In Commander in Cheat: How Golf Explains Trump, Reilly presents dozens of stories about how Trump has cheated at golf for as long as he's been playing. Many of them are amusing: Reilly writes about how caddies at the prestigious Winged Foot Golf Club call the president "Pelé" behind his back due to how often Trump kicks his ball back onto the fairway, and about how Trump allegedly has a golf cart rigged to go faster than anyone else's so he can race ahead to reposition his drives. Trump cheats in tournaments, cheats against pros, and cheats even when there is nothing at stake. It's almost as if Trump thinks fudging the results is part of the game.

That couldn't be further from the truth. Integrity and honor are as crucial to a great golfer's game as a solid swing. As Reilly writes, "Hale Irwin once missed the playoff at the 1983 British Open by one shot because he says he whiffed a one-inch putt on the final day. Nobody saw it but Irwin. In golf, that's enough." And Irwin isn't the exception — he's the norm. There is no greater offense in golf than cheating, in part because it's so easy to cheat in golf. There are no referees; you call your own fouls. Still, Trump's cheating on the fairway can be so elaborate and clever that even Reilly concedes he's impressed by it.

The reasons Trump cheats are mostly obvious, as are their implications. Trump longs to be the best, and can't stand coming in second. He likely sees his ability to get away with cheating as macho, even roguish, the way he has publicly boasted that finding loopholes to avoid paying taxes makes him "smart." And as Reilly points out, "If you'll cheat to win at golf, is it that much further to cheat to win an election? To turn a congressional vote? To stop an investigation?" But while I don't condone cheating on an election or to stop an investigation, that motivation at least makes sense. To cheat at your hobby is frankly pathetic.
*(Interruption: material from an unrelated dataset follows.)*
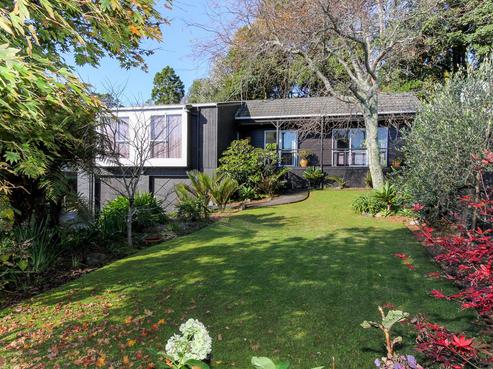 14 Lombardy Place, Whalers Gate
The strangest part is that Trump is reportedly a fairly good golfer, at least according to the people who watch him play. He might not have won 18 club championships or have a 2.8-stroke handicap, as he claims, but he can hold his own without having to kick the ball all over the course. Why go to such great lengths to pointlessly lie about his abilities, then, particularly when everyone knows he's cheating? "They call him on it, but he just shrugs and cheats some more," writes Reilly. A Harvard psychiatrist blamed "a narcissistic personality disorder" for Trump's pathological cheating. "People with his disorder have no conscience about it," Dr. Lance Dodes is quoted as saying in Commander in Cheat. "He has no sense of morality about things."
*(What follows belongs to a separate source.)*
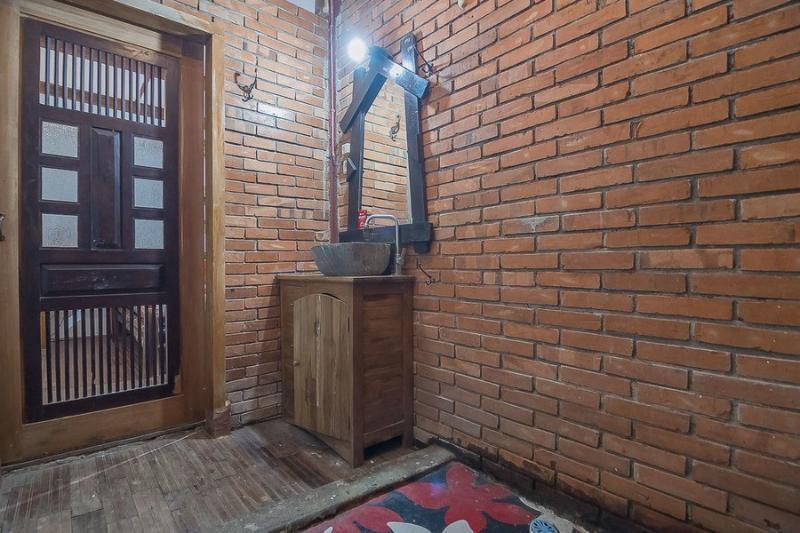 เรดดอร์ซ เนียร์ รูมะฮ์ ซากิต วิโรซาบัน Hotel Salakan ภายนอก รูปภาพ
More than anything else, my takeaway is not just that Trump is a cheater, but that he's the saddest sort of cheater, the kind that cheats himself. Sure, he deprives himself of "the joy, the endless challenge, golf brings" by not playing legitimately. But I think it's more than that: Trump can't stand himself if he isn't winning, to the point that he self-deludes. Why else would he continue to cheat when nothing — not money, not reputation — is at stake? As golf executive Ken Slutsky recalls in one story about a time he played with Trump in Los Angeles, "at the end [Trump] said, 'You owe me $27.' I said, 'Donald, you cheated on every single hole. I'm not paying you a dime.' He just kind of shrugged and left. He didn't seem to care."

It isn't even about pride: Trump clearly isn't bothered by his tarnished reputation in the golf world as a cheat. That's because, when you're your own referee, the only person you have to impress is yourself. Yet Trump can't bear losing. He settles, instead, for the cheapest kind of victory: The one he knows in his heart isn't real. As the anecdotes in Reilly's book suggest, he is numbed to no longer care that deep down, he knows his accomplishments are worthless, all plastic trophies and photoshopped Time magazine covers.
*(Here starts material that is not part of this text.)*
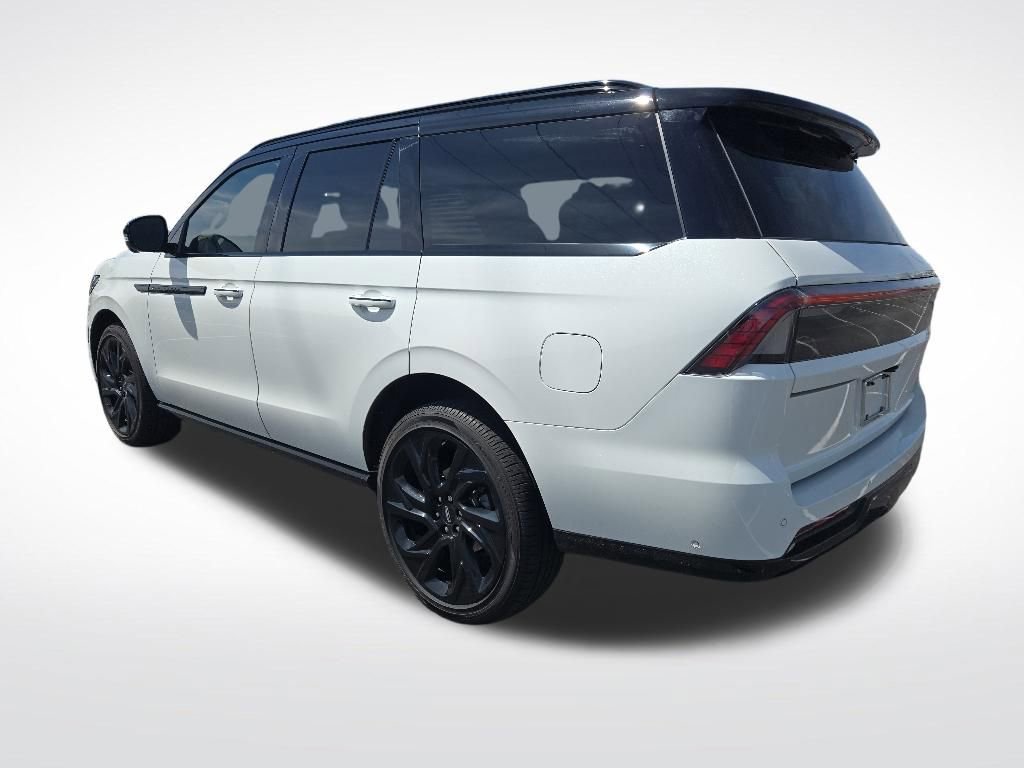 Used 2025 Lincoln Navigator Black Label AWD/4WD image 20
You can have your pick of evidence that Trump is a fairly joyless person, but nothing has quite convinced me of just how troubled a character he is like Commander in Cheat. It is one thing to cheat in business or government, and a whole other to cheat in what is supposed to be your escape from those worlds.

"Trump's [cheating is] often so over-the-top it verges on sad," Reilly writes. I have to disagree — I think it tips over the lip of the hole.